Deuxièmement, les entreprises concernées doivent formuler des plans de mise en œuvre spécifiques et des normes détaillées pour la réalisation spécifique d'une IA de confiance. Par rapport au gouvernement, les entreprises sont plus proches du marché et comprennent mieux la technologie. Ils en savent plus sur les caractéristiques techniques des modèles d'IA, leurs forces et leurs faiblesses que les gouvernements. Par conséquent, si la responsabilité du gouvernement est de proposer un cadre large pour une IA de confiance, les entreprises devraient être les praticiens spécifiques au sein de ce cadre large. Dans ce cadre, ils devraient combiner les caractéristiques du marché et de la technologie pour fournir des plans plus spécifiques et les mettre en œuvre de manière autodisciplinée.
Troisièmement, les utilisateurs doivent également jouer le rôle de feedback et de superviseur, présenter leurs propres demandes, refléter leurs propres problèmes et superviser la mise en œuvre par l'entreprise d'une IA de confiance.

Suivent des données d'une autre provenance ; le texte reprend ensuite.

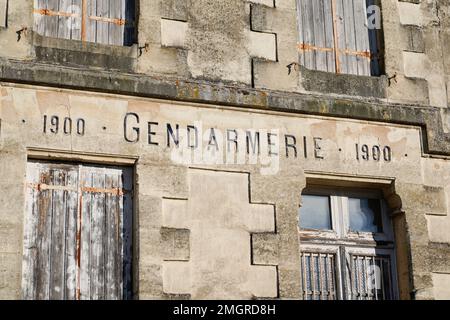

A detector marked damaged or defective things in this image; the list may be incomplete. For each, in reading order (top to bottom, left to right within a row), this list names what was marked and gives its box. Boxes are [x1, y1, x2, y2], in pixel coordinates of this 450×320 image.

peeling paint shutter [33, 0, 134, 45]
peeling paint shutter [298, 0, 382, 76]
peeling paint shutter [22, 162, 132, 300] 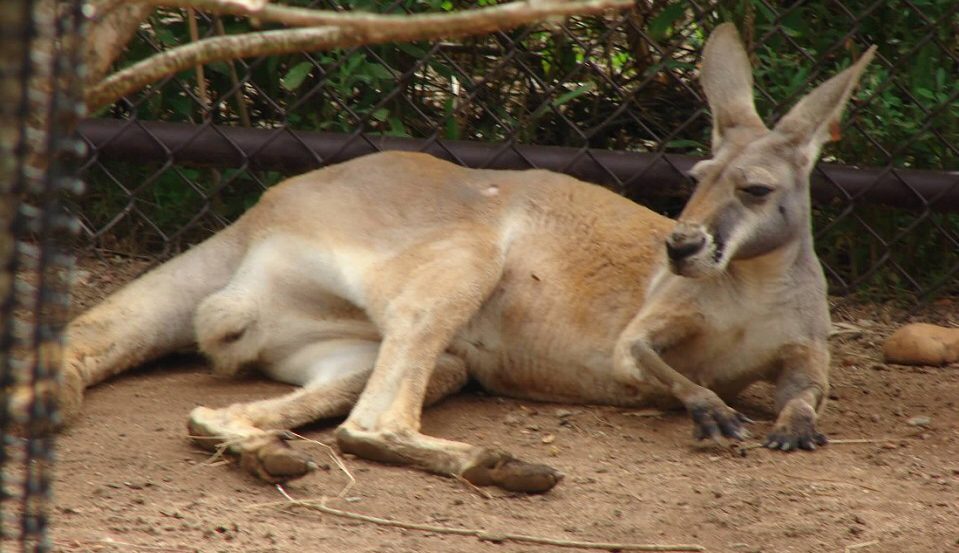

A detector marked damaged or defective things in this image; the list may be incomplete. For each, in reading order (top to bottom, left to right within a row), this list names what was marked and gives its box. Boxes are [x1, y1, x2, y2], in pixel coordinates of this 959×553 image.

rusty metal pipe [77, 118, 959, 211]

Avec la vulgarisation de l'IA, tout le monde dans la société deviendra un utilisateur et un acteur de l'IA, et c'est lui qui aura le plus son mot à dire sur la crédibilité de l'IA. Ce n'est que lorsque leurs voix sont pleinement exprimées que l'établissement de normes d'IA de confiance et le développement de technologies connexes sont les plus précieux.

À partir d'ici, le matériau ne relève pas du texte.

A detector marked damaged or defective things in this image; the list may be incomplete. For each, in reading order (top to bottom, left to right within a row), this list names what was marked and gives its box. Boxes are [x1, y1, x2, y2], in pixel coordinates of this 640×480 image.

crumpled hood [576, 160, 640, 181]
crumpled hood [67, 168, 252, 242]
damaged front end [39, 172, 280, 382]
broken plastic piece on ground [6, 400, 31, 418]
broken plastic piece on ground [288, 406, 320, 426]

Enfin, nous devons compter pleinement sur la puissance de la technologie. Des règles pertinentes sont importantes, mais en dernière analyse, la réalisation d'une IA de confiance dépend toujours de la puissance de la technologie. En fait, de nombreux problèmes difficiles à résoudre en utilisant des règles peuvent être résolus par des moyens techniques. Par exemple, après la génération de l'IA générative, le problème de la "distorsion" a été un casse-tête pour les autorités de régulation, mais en fait, en s'appuyant sur les nouvelles technologies, ce problème peut ne pas être difficile à résoudre. Par exemple, Google a précédemment introduit une technologie de filigrane électronique invisible à l'œil nu mais reconnaissable par les machines, dont l'application aux images ou vidéos générées permet de s'assurer efficacement qu'elles sont vérifiables. En ce qui concerne la vérifiabilité du contenu textuel, vous pouvez suivre l'exemple de la recherche New Bing (New Bing). Lorsqu'il cite un certain contenu, il joindra les documents référencés après le contenu généré, afin que les utilisateurs puissent identifier par eux-mêmes l'authenticité du contenu généré en fonction de leurs besoins.
Dans l'ensemble, la réalisation d'une IA de confiance n'est pas une tâche facile, mais si nous faisons bon usage des efforts conjoints de toutes les parties, cet objectif sera certainement atteint.